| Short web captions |
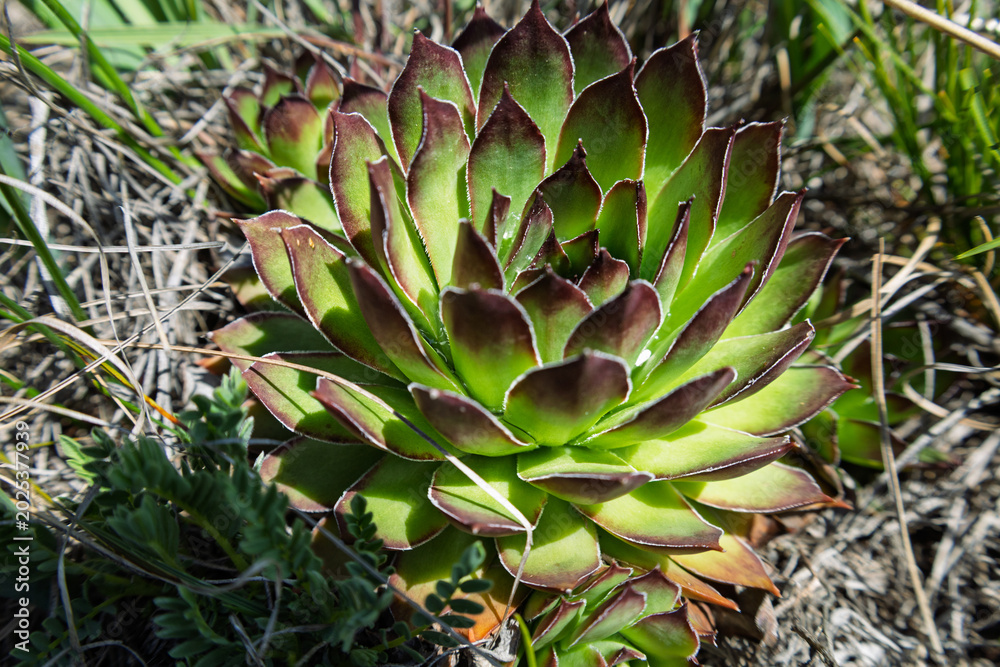 Fototapeta premium Common Houseleek Sempervivum Tectorum Succulent Plant
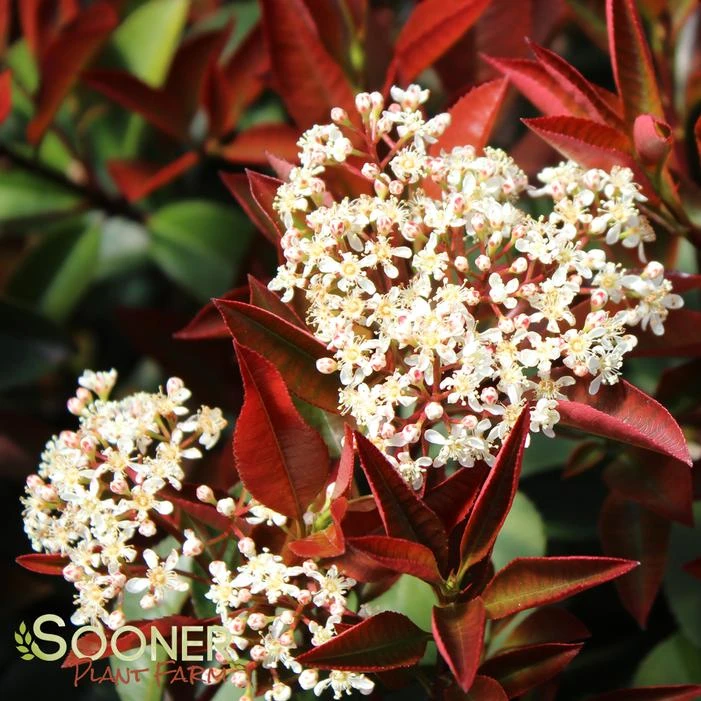 FIREBALL RED™ PHOTINIA 4 FIREBALL RED™ PHOTINIA - Image 2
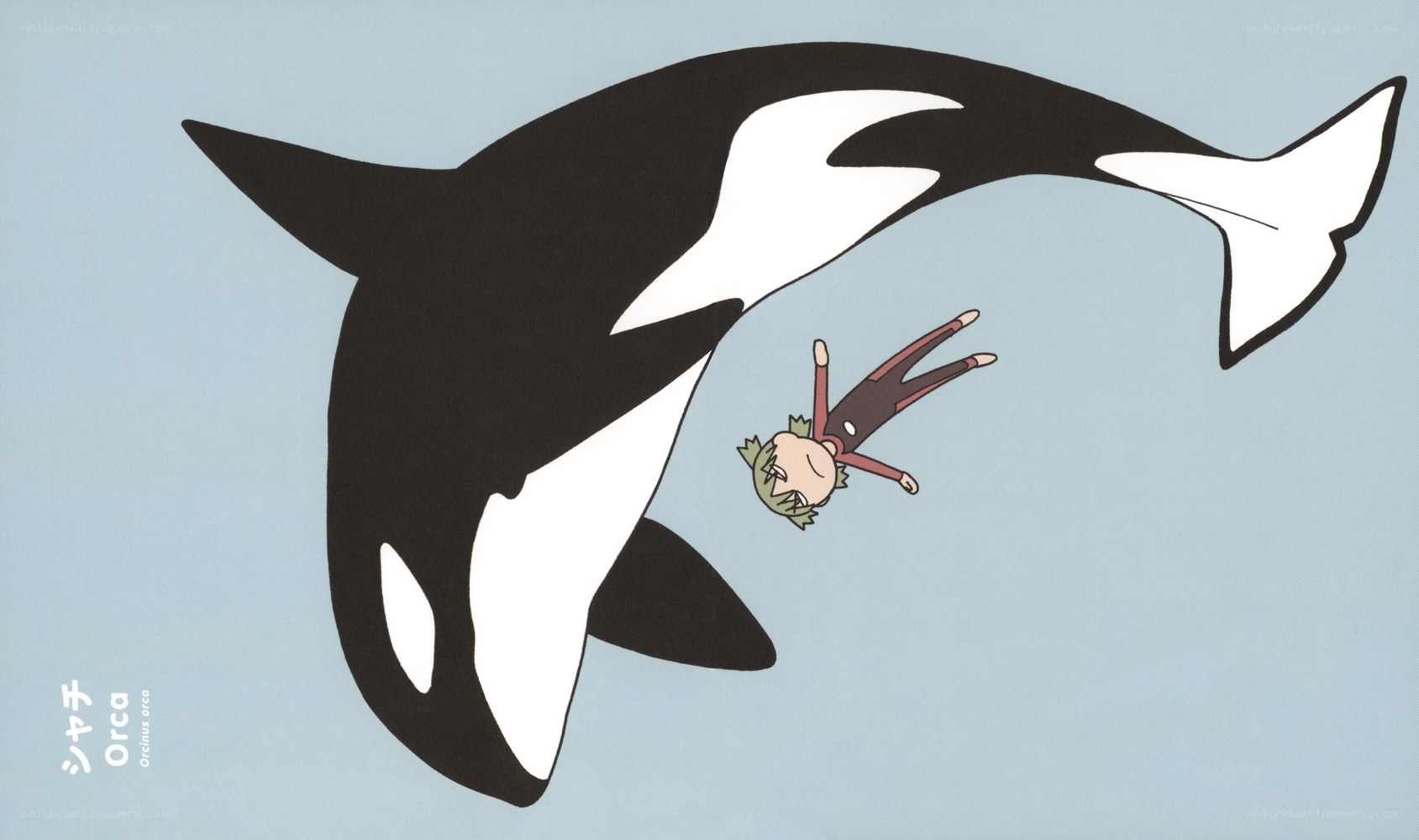 Orca and a falling character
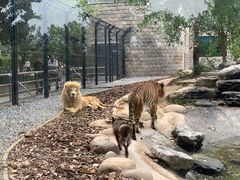 -北京野生动物园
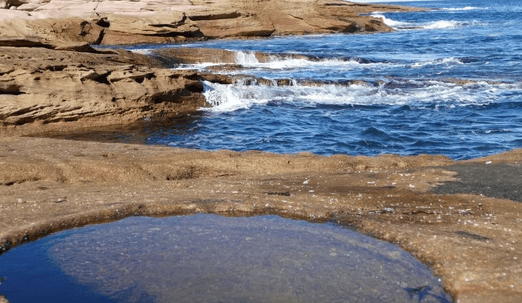 Blue House, Blue View – Streaky Bay (Eyre Peninsula) - dog friendly weekend getaways South Australia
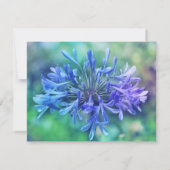 Nillilie Einladung (Rückseite)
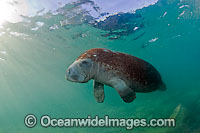 Florida Manatee Photo - Michael Patrick O'Neill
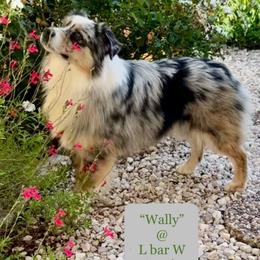 Wally - Miniature Australian Shepherd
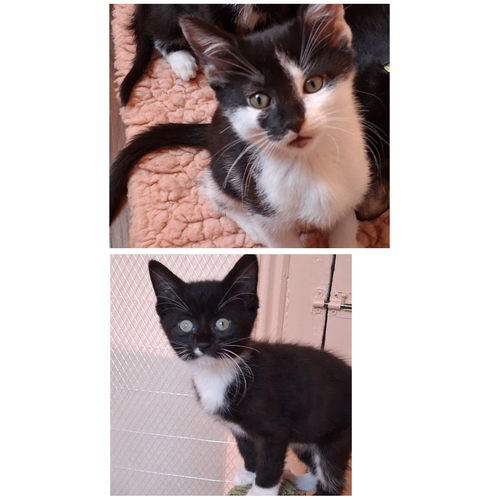 Vesper & Vern, a cat for adoption from Animalkind Inc.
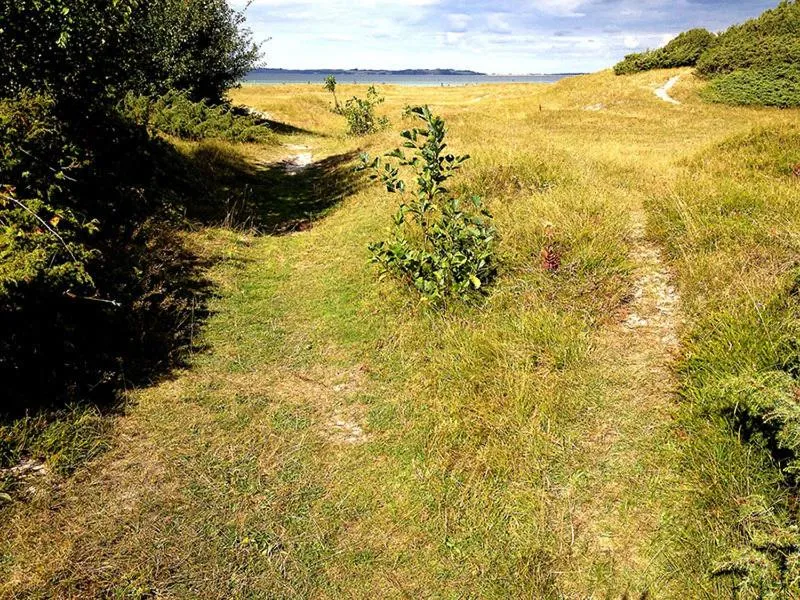 Myrehøj Bed & Breakfast photo 52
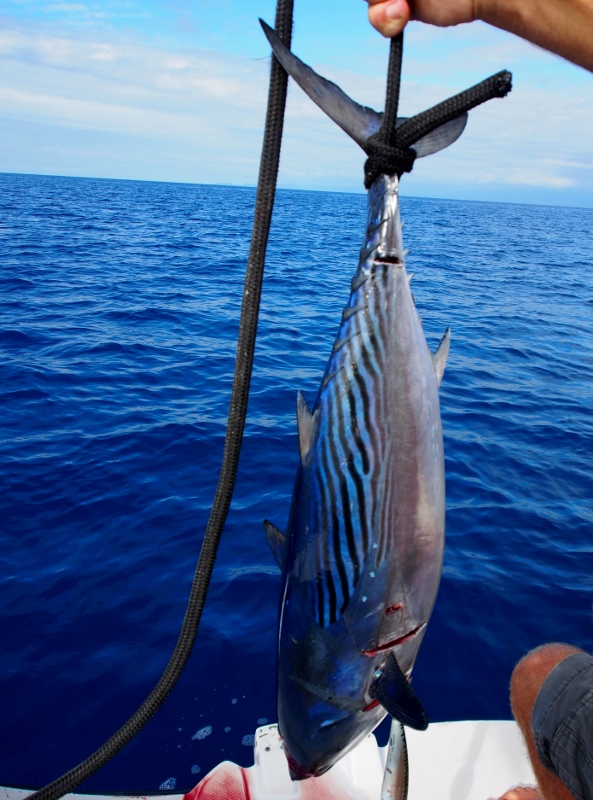 No online recipes for cooking our fish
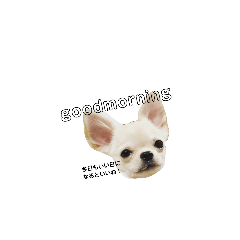 こんにちは、あおくん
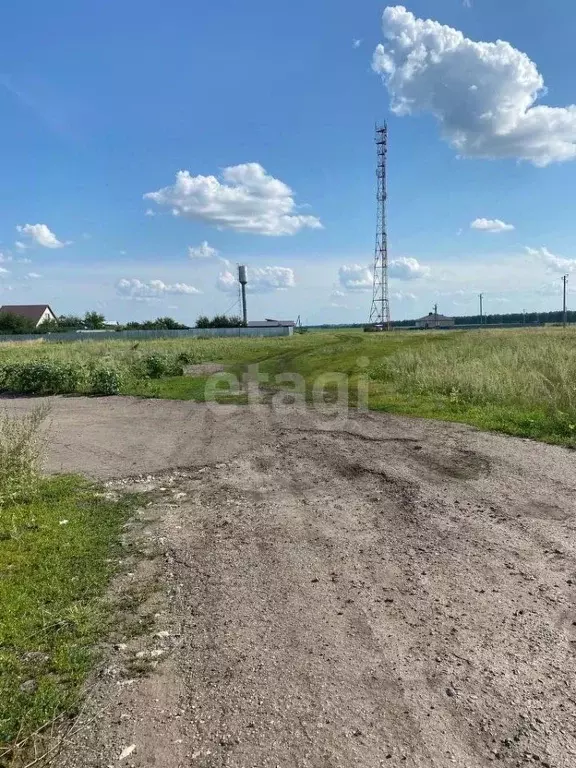 Участок в Тамбовская область, Тамбовский муниципальный округ, с. ... - Фото 0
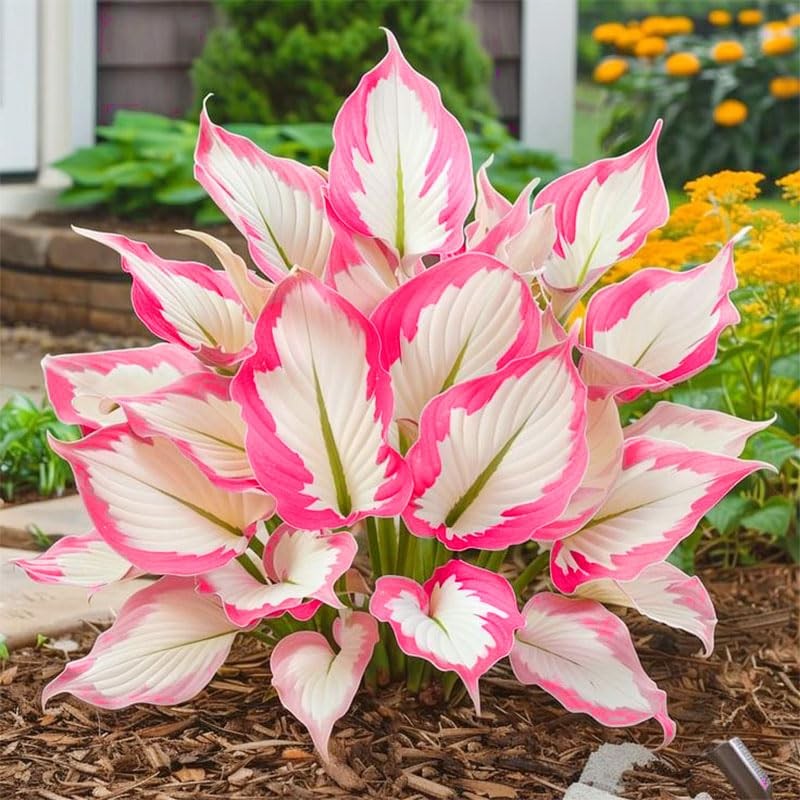 Mix Hosta Seeds-215Pcs Perennial Flower Seeds for Planting in Your Home…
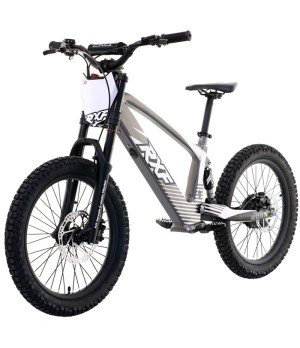 Bici Elettrica Apollo RXF EVO 750W 20" - Colore Grigio - Vista Frontale Sinistra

| WORK REQUEST |
Could you set down nothing but the lines from the one containing "Myrehøj Bed & Breakfast photo 52" through the last line of the records above, both ends included, exactly as given and free of pictures?

| WRITTEN ANSWER |
 Myrehøj Bed & Breakfast photo 52
 No online recipes for cooking our fish
 こんにちは、あおくん
 Участок в Тамбовская область, Тамбовский муниципальный округ, с. ... - Фото 0
 Mix Hosta Seeds-215Pcs Perennial Flower Seeds for Planting in Your Home…
 Bici Elettrica Apollo RXF EVO 750W 20" - Colore Grigio - Vista Frontale Sinistra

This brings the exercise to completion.